The (mostly) global open data movement that’s taken shape over the last decade is really what pushed along the ideas for the “Public Data Cloud” concept and what Amazon, Microsoft, Google, IBM, and others have jumped in on in their own peculiar ways. Say what you will about it being self-serving, but the major commercial cloud moneymakers are providing a value-added capability through their public data offerings. In the US, NOAA really pushed this along a few years ago with their particular take on “Big Data” (even though USGS had already pushed Landsat to both AWS and Google), and being in the US Department of Commerce there was definitely an economic/business stimulus idea at play when they got the major cloud companies to play ball.

There might be an ethical argument that GBIF should not push data flagged for noncommercial use to a commercial platform that supports commercial and noncommercial users and usage, and maybe there’s a legal argument as well. If GBIF takes data entrusted to its care by contributors who specifically signal that they want usage restricted to noncommercial endeavors and puts those data out onto a commercial cloud platform, even if done through a seemingly altruistic thing like “open data sponsorship”, is that a violation of the intent of a noncommercial designation? I’d like to think that the license designation simply passes on through from that point to be (hopefully) adhered to by any users no matter where they are getting the data. That would solve our technical problem, but GBIF as a community and an institution needs to make the right call.

Any trained lawyers or ethicists want to jump in here?


Maybe selecting only CC0 and CC BY for the cloud service might contribute to seed data publishers (including iNaturalist) shifting towards these better practice data licenses and away from restrictive data licenses (including CC BY-NC). Such a shift, from an isolated consideration, and probably only an unintended side-effect, might anyway be a positive outcome. If having “your” data available in this cloud is important to data publishers or data users who can influence the data publishers towards choosing better practice data licenses.


Since you mention iNaturalist, it might be noteworthy that the documentation indicates that they include CC-BY-NC images in the iNaturalist Public Dataset on Amazon AWS.

Repeating relevant section of docs here:

Photos with a CC0 license can be attributed as “[observer name, or observer login], no rights reserved (CC0)”. For example “Name, no rights reserved (CC0)”, or “Login, no rights reserved (CC0)”. Photos with other Creative Commons licenses can be attributed as “© [observer name, or observer login], some rights reserved ([license abbreviation])”. For example “© Name, some rights reserved (CC-BY)”, or “© Login, some rights reserved (CC-BY-NC)”
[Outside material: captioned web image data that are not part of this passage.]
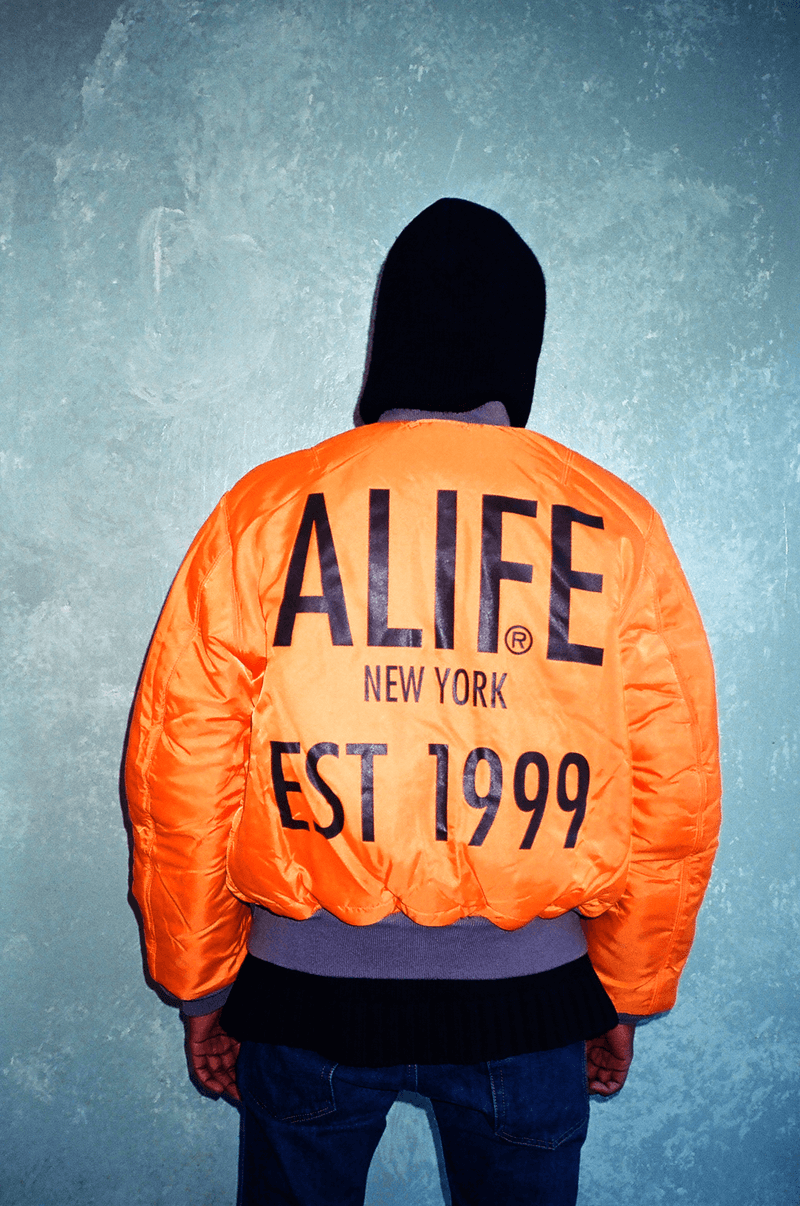 에이라이프 x 알파 인더스트리 리버시블 봄머 2018 alife alpha industries reversible bomber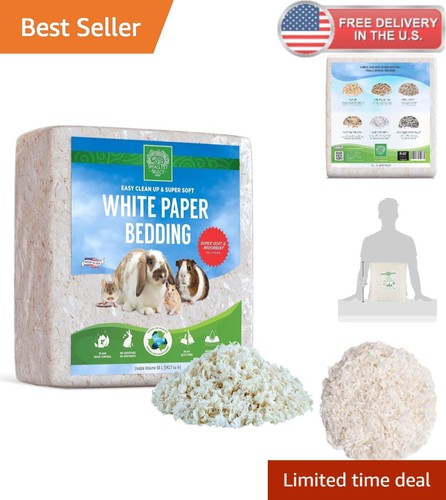 White paper bedding - white, guinea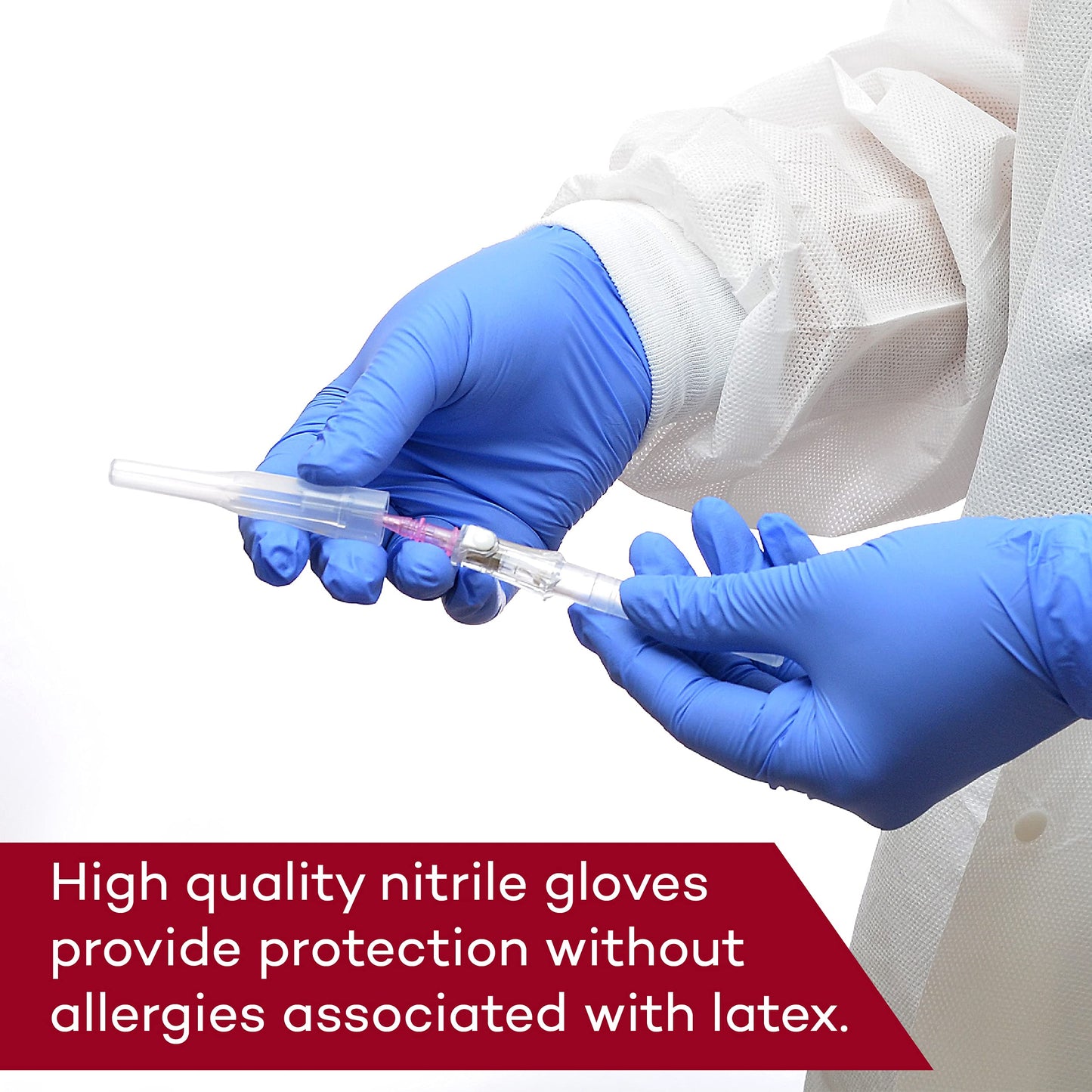 Dealmed Medical Exam Gloves - 200 Count XS Nitrile Gloves, Disposable Non-Irritating Latex Free, Multi-Purpose Use for a First Aid Kit and Medical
My understanding is that there is no legal limitation to putting CC-BY-NC in the public cloud as long as the license is still clear and the metadata are still linked. I see no difference, to publishing scientific papers based upon data with a non-commercial license. The publisher is making a profit, but not directly from the data.
Granted the definition of non-commercial is fuzzy, but I don’t think this is even against the spirt of the license, let alone the legal details.
Having said this, CC-BY-NC is not considered “Open Data” by the Open Knowledge Foundation and it is not recommended by the EU Commission for use in Horizon Europe projects.
It does put severe limitations on derived products and problems for license stacking. Software will certainly have to be built to enable avoidance of such data and I’m sure not all the data providers using this license are aware of the downstream consequences.

There is a very good guide to NC usage here NonCommercial interpretation - Creative Commons

They list a number of key points, but one that seems relevant is…

NonCommercial turns on the use, not the identity of the reuser.

and that it is only the only the “primary purpose of the reuse that needs to be considered”.
So if a business uses these data, but not for generating revenue then it is still allowed under this license.

There does need to further debate with in the community regarding the use of this license and I suspect we will have to deal with its legacy, even if we can persuade current data providers not to use it. However, I don’t think this blocks its use on cloud services.